Information provided Block Start

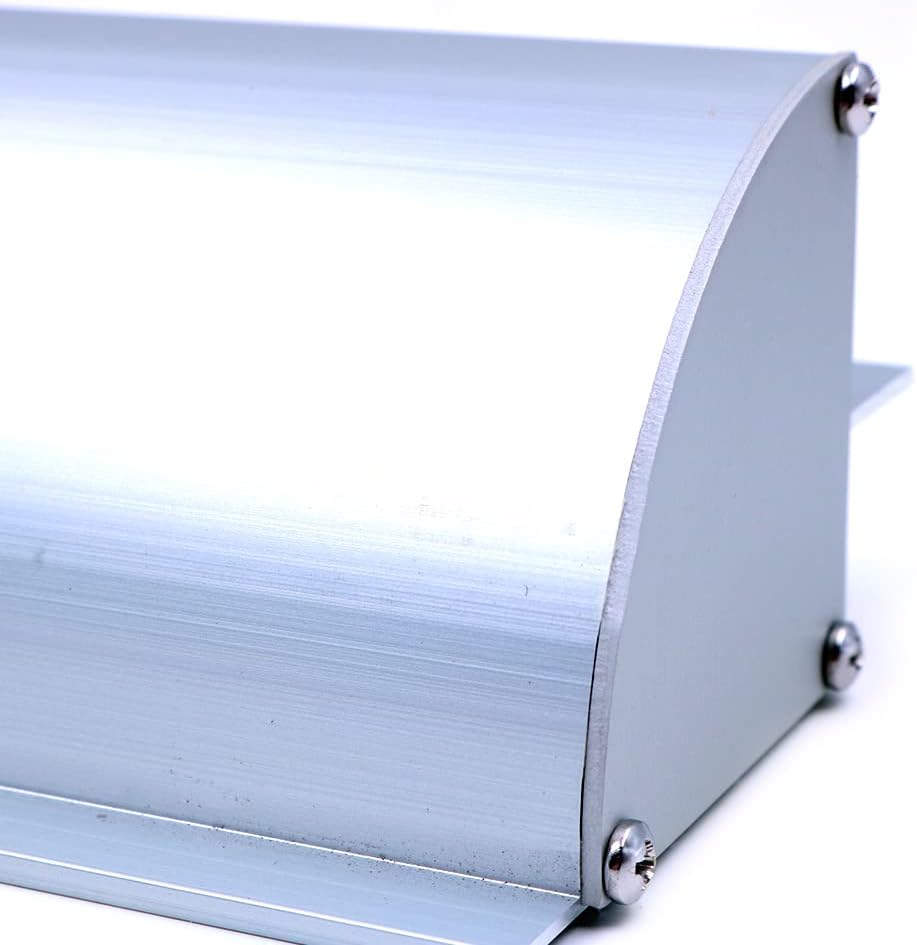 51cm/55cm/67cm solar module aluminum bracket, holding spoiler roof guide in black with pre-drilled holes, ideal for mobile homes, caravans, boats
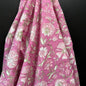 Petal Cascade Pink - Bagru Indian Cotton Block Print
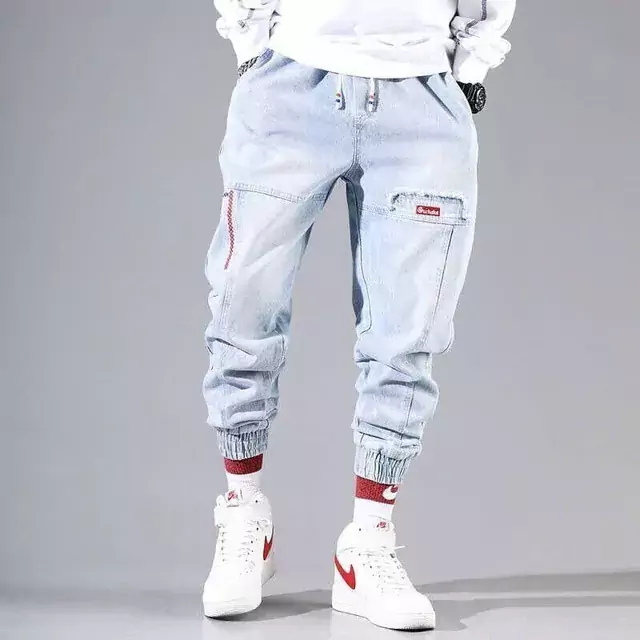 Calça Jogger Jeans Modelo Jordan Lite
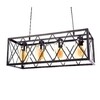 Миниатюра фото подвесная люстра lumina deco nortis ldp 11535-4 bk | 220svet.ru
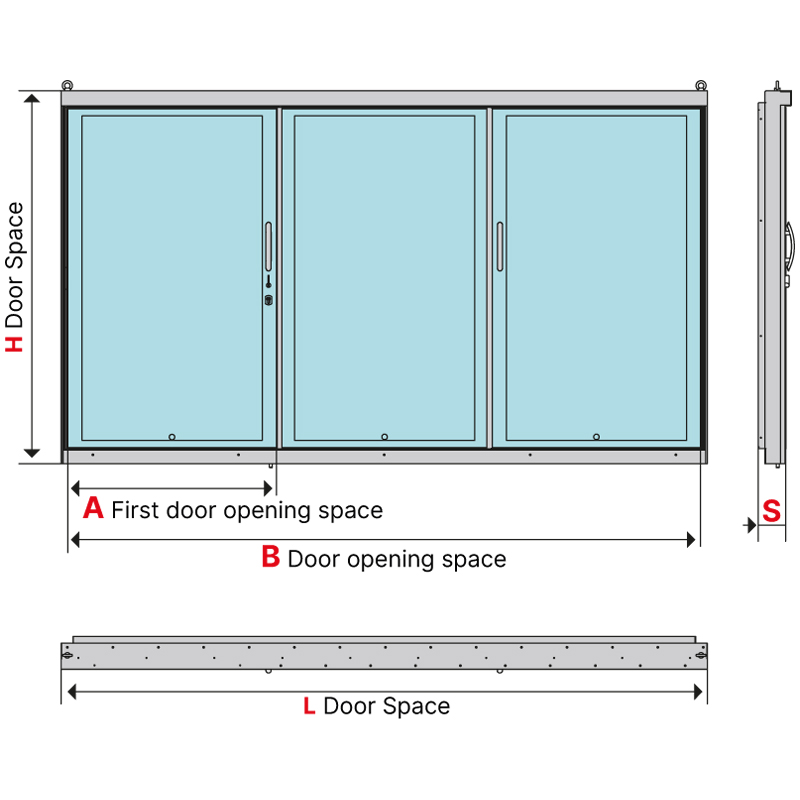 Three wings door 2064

Information provided Block End

**Exercise details**
Write every entry again exactly as given, skipping the pictures.

**Task response**
 51cm/55cm/67cm solar module aluminum bracket, holding spoiler roof guide in black with pre-drilled holes, ideal for mobile homes, caravans, boats
 Petal Cascade Pink - Bagru Indian Cotton Block Print
 Calça Jogger Jeans Modelo Jordan Lite
 Миниатюра фото подвесная люстра lumina deco nortis ldp 11535-4 bk | 220svet.ru
 Three wings door 2064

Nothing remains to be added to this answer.